Q. Well, let me get into that for a minute because I think your sampling is *768important. When did you do this study on this?
A. These ... these numbers were taken from blood types I’ve typed since 1981 on.
Q. Well, did you use all the blood typ-ings?
A. Yes.
Q. How many was that?
A. There’s approximately 22 to 2,500 bloods in that sample.
Q. So, 22 to 2,500 blood ... blood samples, you found this percentage, is that right?” (Emphasis Added).

The above indicates that the numbers on which the witness based his calculations of the percentage of the population having the blood found in the car were derived from his own study. A comparison chart of the percentages was thus, also based on his own study. The defendant did not object to the introduction of the exhibit, or of the witness’ testimony. It could thus be argued that pursuant to La.C.Cr.P. art. 841, the defendant waived his right to complain of that error.

The defendant nevertheless argues that in response to his motion to produce exculpatory evidence, the state should have informed him that the statistical data regarding blood typing about which the expert testified was based upon the expert’s personal studies of 2,200 cases. The defendant claims that if he had been aware of the nature of the study, he would have retained his own expert forensic serologist.

La.C.Cr.P. arts. 718 and 719 provide as follows:

“Art. 718.

Subject to the limitation of Article 723, on motion of the defendant, the court shall order the district attorney to permit or authorize the defendant to inspect, copy, examine, test scientifically, photograph, or otherwise reproduce books, papers, documents, photographs, tangible objects, buildings, places, or copies or portions thereof, which are within the possession, custody, or control of the state, and which:
(1) are favorable to the defendant and which are material and relevant to the issue of guilt or punishment, or
(2) are intended for use by the state as evidence at the trial, or
(3) were obtained from or belong to the defendant.
The court may determine whether evidence is subject to the provisions of Paragraph (1) hereof by in camera inspection.
Art. 719.
Upon motion of the defendant, the court shall order the district attorney to permit or authorize the defendant to inspect and copy, photograph, or otherwise reproduce any results or reports, or copies thereof, of physical or mental examination, and of scientific tests or experiments, made in connection with or material to the particular case, that are in the possession, custody, control, or knowledge of the district attorney and intended for use at trial.
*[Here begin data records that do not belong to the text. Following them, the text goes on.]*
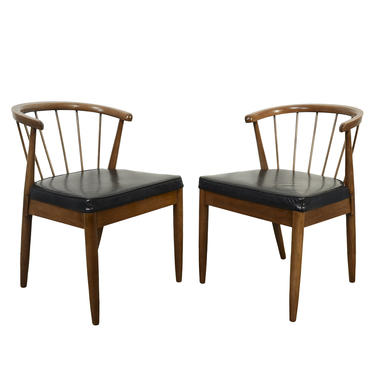 Walnut Dining Chairs American of Martinsville Dania Line Designed 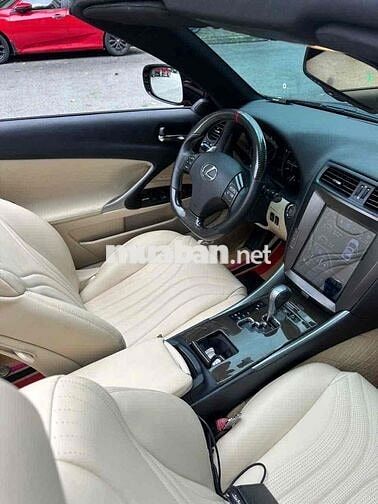 Lexus IS 250C 2010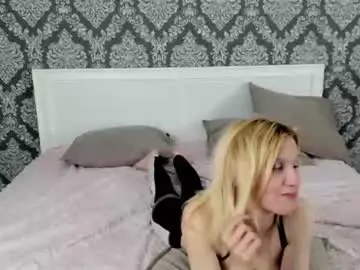 Chaturbate Live Sex Cam of moanshade
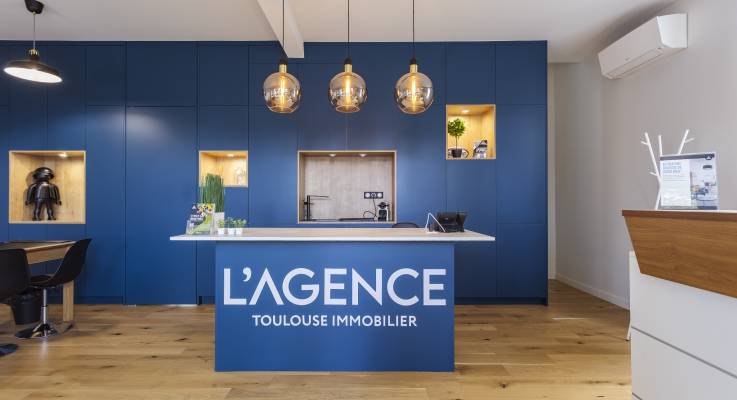 Accueil avec agencements sur mesure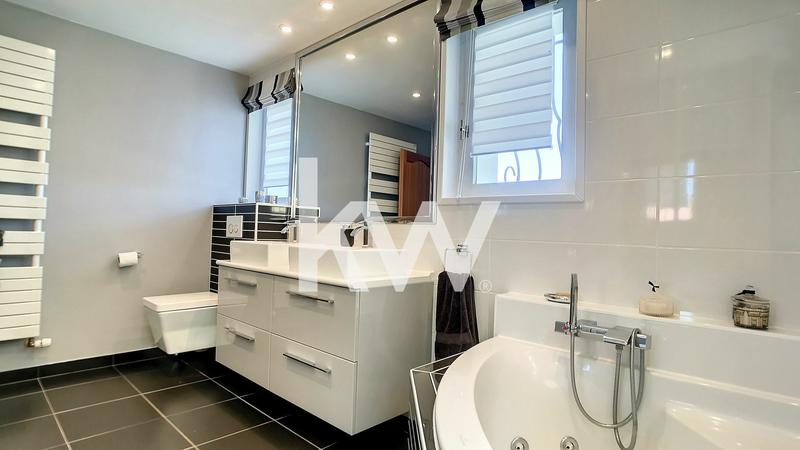 Maison - 225 m² - 6 pièces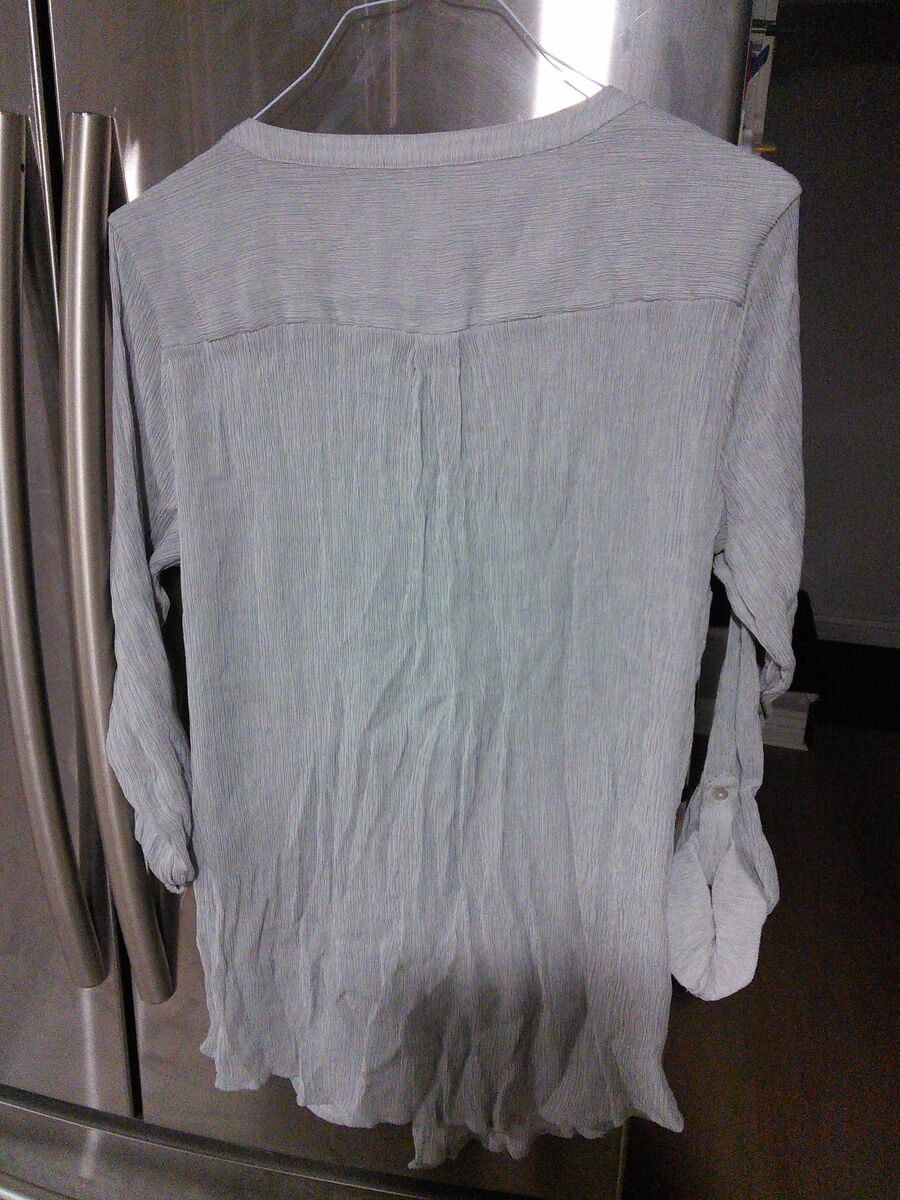 Christopher & Banks brand. Pleated front. Size XL Women's blouse.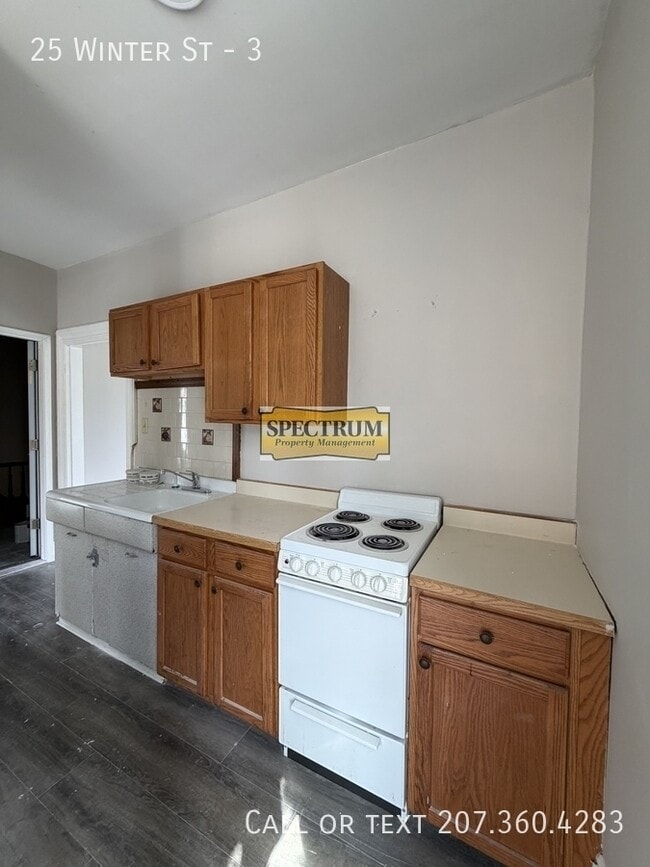 Building Photo - 25 Winter St Unit 3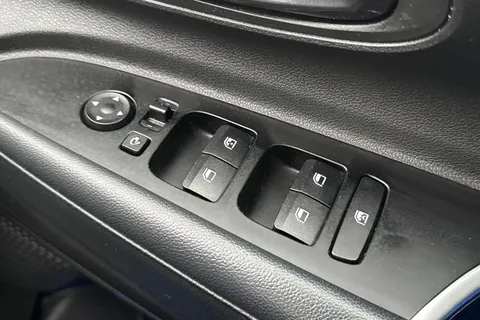 35 of 53 for Hyundai Bayon 1.0 T-GDi MHEV Premium Euro 6 (s/s) 5dr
Exculpatory evidence shall be produced under this article even though it is not intended for use at trial.”

It appears that in response to the defendant’s motion for discovery and inspection, on December 31, 1985, the state provided the defendant with a copy of the results of the blood analysis performed by Pat Wo-jtkiewioz. A copy of the expert’s study however, was not provided to the defendant.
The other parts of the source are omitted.